No es cuestión de tirarla, es cuestión de secarme distinto. De arroparme yo misma, de no morir de frío en aguas ajenas.

Baile y escritura

Bailamos como escribimos, con el interior encendido, con la piel incandescente, con canciones en la mirada.

A veces, con la humedad de algún llanto inoportuno.

Después de todo, no son tan distintos, bailar y escribir. Ambos son voces del cuerpo, formas de hablar. Ambos, búsquedas permanentes, una construcción existencial.

Los dos registros cuentan historias.

De amigas

Tengo amigas de 92 años, amigas de 76, también de 60. Tengo amigas de treinta y tantos años.

Tengo amigas habitantes de mi década, amigas de mi exacta edad.

No son muchas mis amigas, sin embargo son tanto, algunas de ellas, casi hermanas. Y esa certidumbre es un pilar.

Nos unen pasiones, intereses, causas y locuras. Compartimos historias y secretos, temores y lazos irrompibles, lágrimas y dolor, risas y placer. Música o silencio.

Lo nuestro no responde a órdenes cronológicos, es complicidad atemporal. La sororidad que rige a la conexión femenina no sabe medir tiempos.

Lo nuestro nace en raíces milenarias.

Lo nuestro rompe con todo.

Somos afortunadas.

Aura

Fuimos dos niñas siempre inquietas, una corriendo detrás de la otra. Yo la seguía. Ella siempre corría más rápido, nadaba como delfín, era hábil como pocas para los deportes y asombrosamente hábil para hacer reír. Cursábamos los primeros años de primaria. Cuando la invitaba a casa, jugábamos de salón de belleza haciendo triquiñuelas en la cabeza de mi hermana, correteábamos a mi perra, jugábamos en el jardín lo que se nos ocurriera. En el colegio eran los yax, o la liga o el temible matado.

Celebrábamos juntas y felices el movimiento de las niñas que van descubriendo mundo.  

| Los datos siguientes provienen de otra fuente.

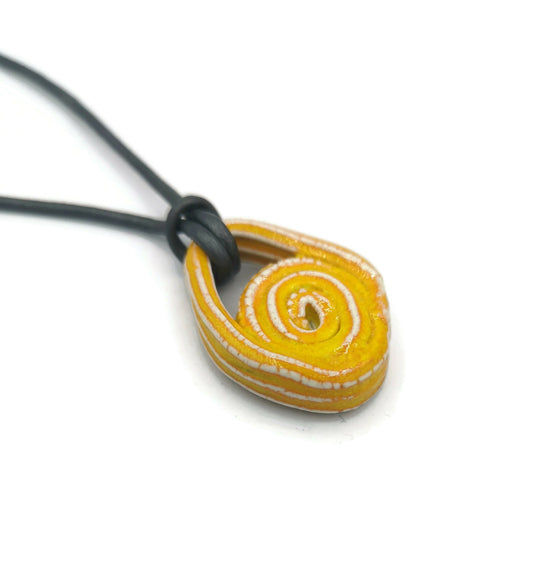 YELLOW CLAY CHARMS, Modern Necklace Pendant For Jewelry Making, Irregular Shaped Handmade Decorative Pendant Eclectic, Unique Gift For Mom - Ceramica Ana Rafael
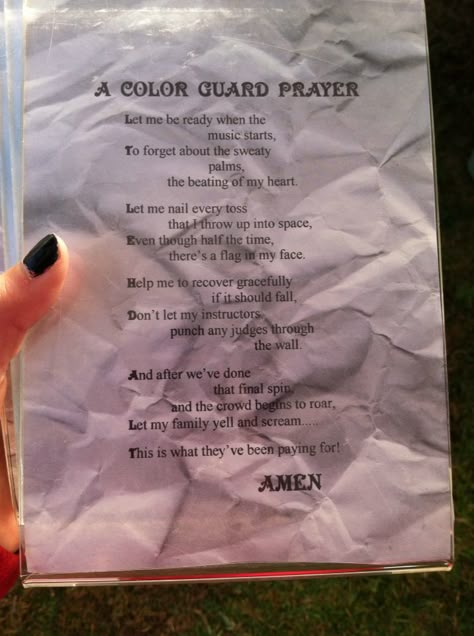 How about a guard prayer for my fellow guardians. Colorguard Quotes Inspirational, Color Guard Competition Gifts, Colorguard Bag Checklist, Colorguard Essentials, Color Guard Banquet Ideas, Color Guard Routines Videos, Color Guard Gift Bags, Color Guard Survival Kit, Color Guard Gifts Ideas Diy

Cuando regresé a clases después del accidente, en segundo grado, Aura estaba esperándome en la puerta del aula. No recuerdo qué dijo, recuerdo su abracito de niña. Recuerdo cómo tomó mi bolsón y mi lonchera y los colocó en el clóset. Recuerdo que no se separaba de mi lado. Fue su manera de solidarizarse. Su manera de decirme aquí estoy, amiga.

La vida se la llevó primero a otro colegio y después a otro país. Pero Aura fue mi sis durante los primeros trascendentales años de primaria. Luego la misma vida y su conectividad moderna nos colocaron de nuevo cerca. Y fue cómo si hubiera pasado solo una semana.

Viajé a un lugar no tan cerca de su casa en San Diego y llegó a reunirse conmigo. Vino a visitar Guatemala y volvimos a reunirnos.

Somos una reunión en proceso, un hilo conductor, una conversación digital, un cariño genuino desde el principio.

Aura desde su muelle hizo micos y pericos para adquirir mi pequeño libro. Y la amista volvió a conspirar. Porque, otro amigo entrañable, hizo todo lo necesario para que el libro llegara a manos de mi amiga. Fue una feliz secuencia. Una señal de que ni el tiempo ni la distancia rompen un cariño verdadero.  

Un color particular

La tristeza tiene un color muy particular. Aunque tratemos de camuflarla suelta destellos.

Algunos la ven, otros la entienden, y hay quienes van más allá. La miden, la sienten, encuentran la vulnerabilidad que supone.

Se acercan, tienden un puente, para bien o para mal procuran algún alivio.

Luego se marchan.

Y no, no cambia. A pesar del paso fugaz de alguien que quiso hacer una diferencia, el color de la tristeza permanece intacto.